Aim of the task
Reproduce exactly the stretch of lines running from the line with "Women'S Solid Color" to the end of the entries below.

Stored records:
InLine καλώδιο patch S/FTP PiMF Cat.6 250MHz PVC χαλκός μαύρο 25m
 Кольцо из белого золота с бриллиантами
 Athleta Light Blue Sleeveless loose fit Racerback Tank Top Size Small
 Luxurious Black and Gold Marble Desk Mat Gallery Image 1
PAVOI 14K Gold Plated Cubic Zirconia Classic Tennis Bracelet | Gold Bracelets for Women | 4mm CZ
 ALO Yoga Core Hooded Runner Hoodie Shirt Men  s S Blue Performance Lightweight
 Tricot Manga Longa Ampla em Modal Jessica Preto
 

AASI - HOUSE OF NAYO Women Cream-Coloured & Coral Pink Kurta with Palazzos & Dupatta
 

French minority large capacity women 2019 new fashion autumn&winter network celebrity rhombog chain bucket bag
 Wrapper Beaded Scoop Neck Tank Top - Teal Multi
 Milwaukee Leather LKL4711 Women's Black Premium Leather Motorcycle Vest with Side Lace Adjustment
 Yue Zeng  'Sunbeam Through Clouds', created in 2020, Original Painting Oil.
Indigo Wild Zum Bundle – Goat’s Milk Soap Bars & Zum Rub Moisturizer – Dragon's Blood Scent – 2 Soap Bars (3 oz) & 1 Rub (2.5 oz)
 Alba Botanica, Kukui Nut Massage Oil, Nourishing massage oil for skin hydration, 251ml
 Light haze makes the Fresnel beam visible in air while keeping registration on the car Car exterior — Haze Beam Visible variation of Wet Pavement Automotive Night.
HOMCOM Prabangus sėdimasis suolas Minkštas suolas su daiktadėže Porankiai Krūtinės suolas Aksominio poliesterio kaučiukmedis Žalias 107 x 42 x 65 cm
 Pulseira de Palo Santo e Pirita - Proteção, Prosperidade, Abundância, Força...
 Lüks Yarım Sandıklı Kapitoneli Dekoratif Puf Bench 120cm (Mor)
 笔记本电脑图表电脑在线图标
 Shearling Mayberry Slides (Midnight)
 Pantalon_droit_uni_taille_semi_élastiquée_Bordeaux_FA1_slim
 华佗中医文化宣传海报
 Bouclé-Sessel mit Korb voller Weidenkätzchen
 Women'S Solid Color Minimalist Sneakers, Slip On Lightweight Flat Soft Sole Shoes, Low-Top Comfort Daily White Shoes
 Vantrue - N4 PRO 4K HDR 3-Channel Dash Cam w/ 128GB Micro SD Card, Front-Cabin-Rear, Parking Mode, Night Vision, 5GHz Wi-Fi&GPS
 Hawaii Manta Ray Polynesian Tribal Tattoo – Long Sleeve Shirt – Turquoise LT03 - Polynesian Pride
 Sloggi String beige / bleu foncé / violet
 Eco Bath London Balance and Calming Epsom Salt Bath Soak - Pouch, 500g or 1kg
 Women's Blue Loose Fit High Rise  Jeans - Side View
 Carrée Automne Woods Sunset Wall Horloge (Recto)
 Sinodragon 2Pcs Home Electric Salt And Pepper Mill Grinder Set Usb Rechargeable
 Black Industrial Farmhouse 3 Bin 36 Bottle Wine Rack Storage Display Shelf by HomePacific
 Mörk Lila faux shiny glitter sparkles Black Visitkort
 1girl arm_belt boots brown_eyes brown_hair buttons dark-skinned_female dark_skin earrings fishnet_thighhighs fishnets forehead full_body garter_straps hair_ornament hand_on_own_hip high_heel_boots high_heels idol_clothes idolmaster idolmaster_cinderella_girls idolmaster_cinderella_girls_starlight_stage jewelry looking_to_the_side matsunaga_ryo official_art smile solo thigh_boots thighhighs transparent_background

Answer space
 Women'S Solid Color Minimalist Sneakers, Slip On Lightweight Flat Soft Sole Shoes, Low-Top Comfort Daily White Shoes
 Vantrue - N4 PRO 4K HDR 3-Channel Dash Cam w/ 128GB Micro SD Card, Front-Cabin-Rear, Parking Mode, Night Vision, 5GHz Wi-Fi&GPS
 Hawaii Manta Ray Polynesian Tribal Tattoo – Long Sleeve Shirt – Turquoise LT03 - Polynesian Pride
 Sloggi String beige / bleu foncé / violet
 Eco Bath London Balance and Calming Epsom Salt Bath Soak - Pouch, 500g or 1kg
 Women's Blue Loose Fit High Rise  Jeans - Side View
 Carrée Automne Woods Sunset Wall Horloge (Recto)
 Sinodragon 2Pcs Home Electric Salt And Pepper Mill Grinder Set Usb Rechargeable
 Black Industrial Farmhouse 3 Bin 36 Bottle Wine Rack Storage Display Shelf by HomePacific
 Mörk Lila faux shiny glitter sparkles Black Visitkort
 1girl arm_belt boots brown_eyes brown_hair buttons dark-skinned_female dark_skin earrings fishnet_thighhighs fishnets forehead full_body garter_straps hair_ornament hand_on_own_hip high_heel_boots high_heels idol_clothes idolmaster idolmaster_cinderella_girls idolmaster_cinderella_girls_starlight_stage jewelry looking_to_the_side matsunaga_ryo official_art smile solo thigh_boots thighhighs transparent_background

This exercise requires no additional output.